Tal vez por eso, en mi biblioteca, no están todos los libros que he comprado y leído. Mis libros pasaron por mi vida como amores y odios. Mi gran biblioteca es la cerebral. Pero volviendo a lo que nos toca, ya de maduro, gracias a mi privilegiada condición de columnista, son los libros los que llegan a mí, y de todo tipo. Y hago fiesta cuando me doy con textos que me hacen abrir aún más mis ojazos de Búho por la sorpresa y satisfacción de leer cosas que te atrapan. Me pasó con literatos tan dispares en edad como Fernando Ampuero o Renato Cisneros. Con cronistas con ADN tan distintos y a la vez tan compatibles como Eloy Jáuregui o Jaime Bedoya. O con un loco enamorado de la literatura como Enrique ‘Kike’ Sánchez Hernani, hasta poetas paradigmáticos como Jorge ‘Solito’ Pimentel, de Hora Zero. Y me volvió a suceder cuando llegó a mis manos el libro de crónicas de Daniel Titinger. Recaí nuevamente y en pocas horas me volvió la adicción a la lectura. En el taxi, en la cola del banco, el Metropolitano, en mi propio auto, en los semáforos sempiternos de la Bolichera, toda quietud ardiente era propicia para sumergirme y refrescarme con sus historias escritas desde playas de California con Kina Malpartida o en la Huanchaco de la Miss Mundo Maju Mantilla, con la que viajaba Daniel para recoger la versión del erizo que pinchó el dedo de la reina cuando era niña.

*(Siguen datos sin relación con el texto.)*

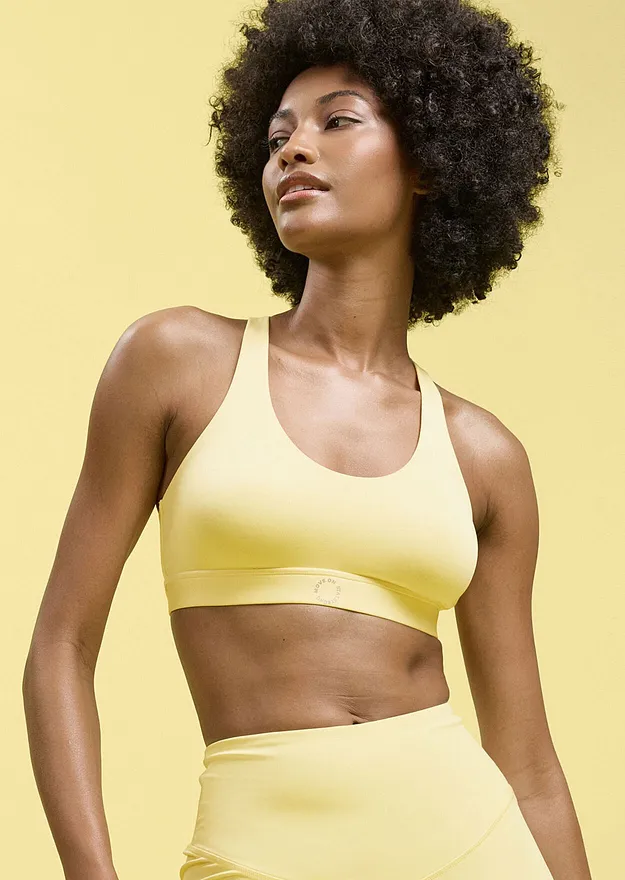 Una donna indossa un reggiseno sportivo giallo e dei pantaloni sportivi abbinati.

Esos quince minutos parado, los aprovechaba para adentrarme en esas doce crónicas viajeras. ‘No quiero salir de casa. Crónicas de viaje. Y otros viajes’. Porque el principal valor del autor es que mantiene un estilo al escribir las crónicas. Muy distinto a los capos Jáuregui o Bedoya, pero en el difícil campo de la crónica, donde la diferencia manda, no existe papel Pelikan y Titinger demuestra en este libro que cuenta con una forma definida. Sus crónicas son largas y, al mismo estilo de un boxeador, te noqueará recién en el último asalto. Como en la más lograda, según opinión de este columnista, ‘Historia de un camellicidio’. El cronista leyó una noticia de un periódico de Ica, que la camada de camellos donada por el rey de Marruecos a la municipalidad se va muriendo uno a uno. ¿De qué mueren los camellos? La crónica es alucinante y roza la novela negra; el cronista, cual detective Philip Marlowe, Hércules Poirot o Sherlock Holmes, viaja a Ica y conversa con todos los involucrados. Luego, insatisfecho, cruza el charco y aparece en Rabat, Marruecos, donde llega a entrevistar a bravos veterinarios, negociantes de camellos que en pleno Sahara le ofrecen una parrilla de carne de camello. El final es alucinante y no lo cuento. No hay juicios de valor en Daniel. Deja que todas las voces hablen, lo que significa un arduo trabajo callejero, pero esa neutralidad es ficticia. Tiene una opinión, pero no la muestra. Se la deja al lector. Pareciera que es seguidor del cineasta norteamericano David Lynch, quien decía ‘el mundo no es bueno ni malo, solo extraño’. Recomiendo este trabajo a los estudiantes de Periodismo. Sobre todo porque destierra la idea de que solo escribir precioso te garantiza hacer una crónica digna. Este libro nos muestra que hay un ingrediente tan importante como ese: el del trabajo arduo y constante. Cruzar los mares, volar donde el diablo perdió el poncho, como Surinam, o entrevistar hasta las piedras, nos muestra que la crónica es una tremenda y hermosa chambaza. O como le gusta decir al autor, un gran viaje que, según propio testimonio, odiaba realizar. Ajústense los cinturones y a volar, perdón, a leer. Apago el televisor.